La théorie objective a été avant tout défendue au 19éme siècle par Jean-Marie Pardessus dans son cours de droit commercial[1]. Elle a ensuite été reprise par de nombreux auteurs, spécialement Charles Lyon-Caen et Louis Renault[2] ainsi que Edmond Eugène Thaller[3] et Louis-Jean Percerou. Cette théorie, pour se justifier, insiste sur le caractère corporatif trop restreint que représenterait un droit limité aux seuls commerçants. Ses partisans invoquent un argument de logique : comment peut on justifier que deux opérations juridiques identiques ne seraient pas soumises au même régime au motif qu’elles auraient été traitées, dans un cas par un commerçant, et dans l’autre par un non commerçant ? Il en ressort que la qualité de celui qui accomplit les actes doit rester indifférente. N’est ce pas précisément ce que fait le code de commerce quant, par exemple, il répute actes de commerce « entre toutes personnes la lettre de change »

La théorie subjective est avant tout liée au nom de Georges Ripert. Elle opère un renversement des facteurs : ce n’est plus le commerçant qui est défini à partir de l’acte de commerce, mais bien plutôt l’inverse. Ainsi, on doit tout d’abord rechercher la qualité professionnelle de l’auteur de l’acte. Le droit commercial se définit alors comme étant celui des commerçants.
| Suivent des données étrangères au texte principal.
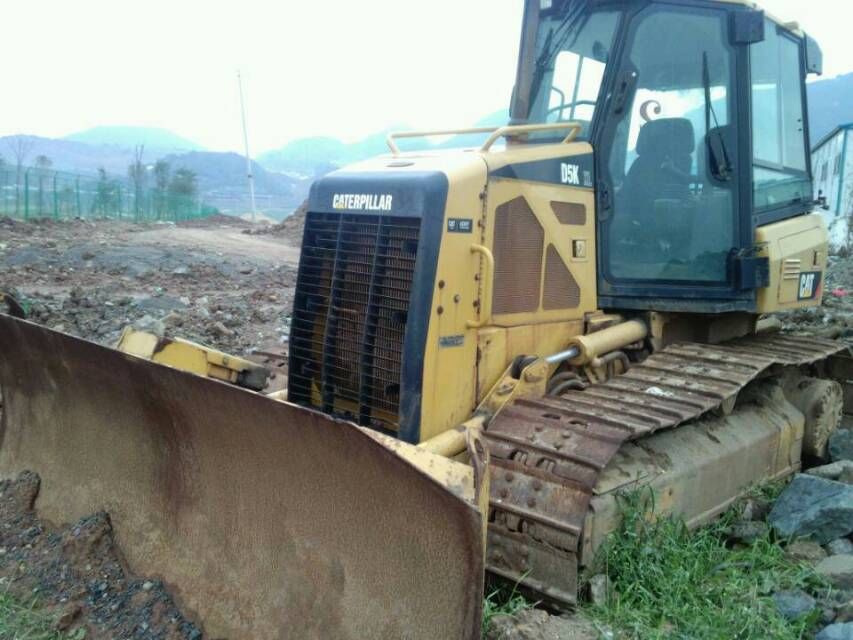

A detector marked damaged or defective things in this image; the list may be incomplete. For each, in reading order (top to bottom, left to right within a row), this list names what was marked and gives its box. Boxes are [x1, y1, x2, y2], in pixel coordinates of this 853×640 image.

rust on metal [0, 316, 482, 640]
rusty dozer blade [0, 316, 486, 640]
rust on metal [482, 336, 848, 604] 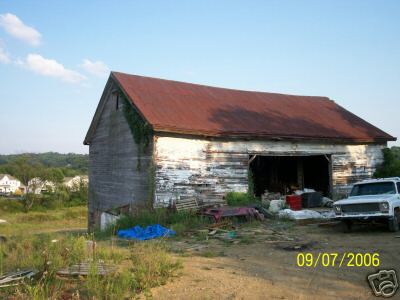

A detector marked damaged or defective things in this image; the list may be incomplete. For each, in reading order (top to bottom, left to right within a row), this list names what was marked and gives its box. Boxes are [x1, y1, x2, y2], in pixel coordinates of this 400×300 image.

rusty metal roof [111, 72, 396, 144] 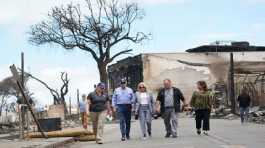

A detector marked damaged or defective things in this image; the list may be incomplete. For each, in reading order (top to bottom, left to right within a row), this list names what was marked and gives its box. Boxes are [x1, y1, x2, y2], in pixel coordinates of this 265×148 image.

burned building [107, 41, 265, 107] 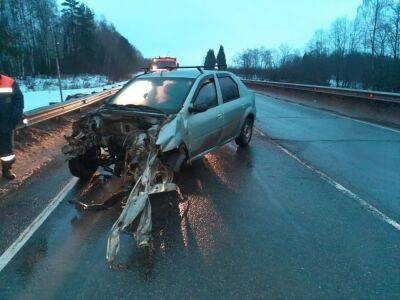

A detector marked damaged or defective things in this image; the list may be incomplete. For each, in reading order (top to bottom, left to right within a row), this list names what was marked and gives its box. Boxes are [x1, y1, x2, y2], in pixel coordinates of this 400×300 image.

severely damaged car [61, 68, 256, 262] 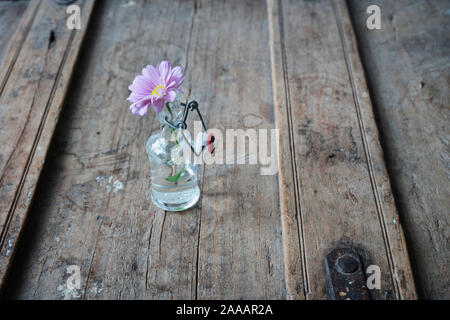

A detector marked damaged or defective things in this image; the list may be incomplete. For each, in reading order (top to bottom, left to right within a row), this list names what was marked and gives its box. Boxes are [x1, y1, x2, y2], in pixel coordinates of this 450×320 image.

rusty metal bracket [326, 248, 370, 300] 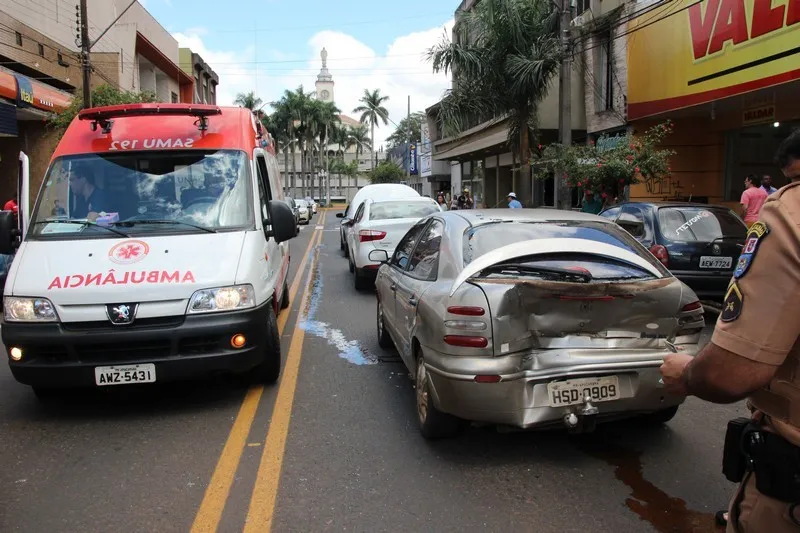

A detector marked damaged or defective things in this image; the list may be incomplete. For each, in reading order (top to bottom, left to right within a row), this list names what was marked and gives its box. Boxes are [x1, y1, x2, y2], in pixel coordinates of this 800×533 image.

damaged silver car [372, 210, 704, 438] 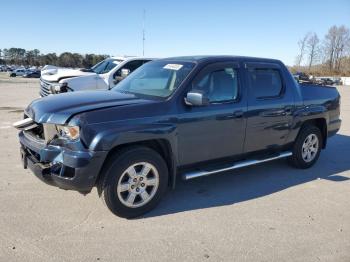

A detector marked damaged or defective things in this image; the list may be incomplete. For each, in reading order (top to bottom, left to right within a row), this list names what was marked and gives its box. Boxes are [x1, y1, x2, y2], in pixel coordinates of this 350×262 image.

damaged front bumper [18, 131, 106, 192] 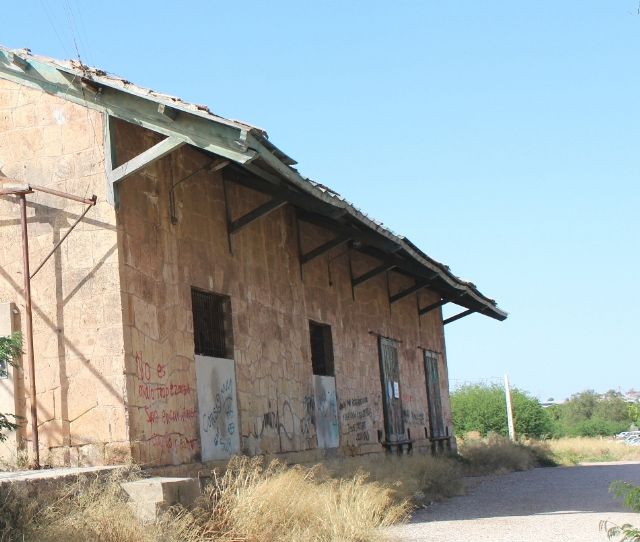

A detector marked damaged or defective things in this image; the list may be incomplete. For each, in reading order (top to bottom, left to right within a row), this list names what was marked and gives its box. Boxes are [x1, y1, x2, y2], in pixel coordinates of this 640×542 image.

rusted metal door [378, 338, 402, 444]
rusted metal door [424, 354, 444, 440] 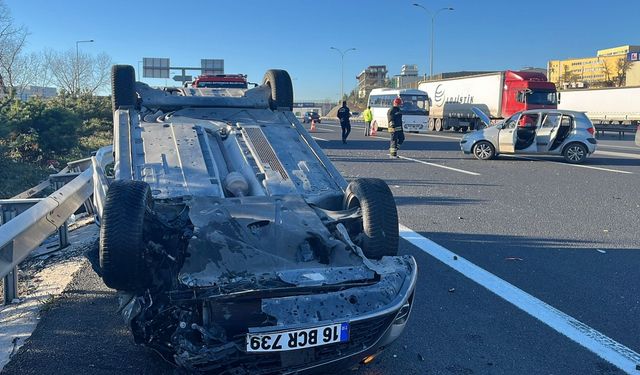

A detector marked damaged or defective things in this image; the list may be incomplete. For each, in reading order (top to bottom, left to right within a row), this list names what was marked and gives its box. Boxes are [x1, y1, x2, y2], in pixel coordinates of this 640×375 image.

overturned car [92, 64, 418, 374]
shattered car part [92, 66, 418, 374]
damaged front bumper [122, 254, 418, 374]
Cette théorie trouve aussi son application dans l’article 10 du Code de commerce qui dispose que : [4].

Nous constatons alors que le premier dilemme que nous rencontrons au niveau de la définition du droit commercial est le suivant : le droit commercial est-il un droit des commerçants ou un droit des actes de commerce? Finalement l’analyse tend à s’enfermer dans un cercle vicieux : qui est commerçant ? Celui qui fait des actes de commerce. Qui fait des actes de commerce ? Le commerçant. Ces interdictions invitent à faire un effort de synthèse, et de chercher une conciliation entre les deux théories. Cet effort a abouti à définir le droit commercial comme étant celui des actes de commerce et des commerçants. C’est d’ailleurs la solution adoptée, avec raison, par le législateur marocain.

En général, le droit commercial est une branche du droit privé, qui par dérogation au droit civil, réglemente de manière spécifique la plus part des activités de production, de distribution et de service. Cependant, afin de mieux comprendre le droit commercial, il n’est pas sans intérêt d’évoquer certaines dates.

I- Évolution du droit commercial

La spécificité du droit commercial est essentiellement le résultat d’une évolution historique, à cet égard le rappel de certaines dates nous paraît essentiel afin de comprendre mieux le contexte dans lequel est né ce droit. Pour se faire nous sommes contraint, tout d’abord, d’évoquer l’évolution du droit commercial dans l'histoire, puis en France, avant de parler de l’évolution du droit commercial au Maroc.


1- Dès l’antiquité

Déjà en 1950 avant J.C, durant l’empire de Babylone, le Code d'Hammurabi prévoyait le prêt à intérêt et les opérations de commission.

Les Phéniciens et les Athéniens ont connu des usages spécifiques pour les besoins du commerce maritime.

Le droit Romain a surtout mis en place la théorie général des contrats et des obligations en droit civil, il a réglementé également les techniques de représentation (actuellement : le mandat commercial) ; les opérations de prêts pour financer les entreprises de commerce maritime, le droit de la faillite et les opérations de change et de banque.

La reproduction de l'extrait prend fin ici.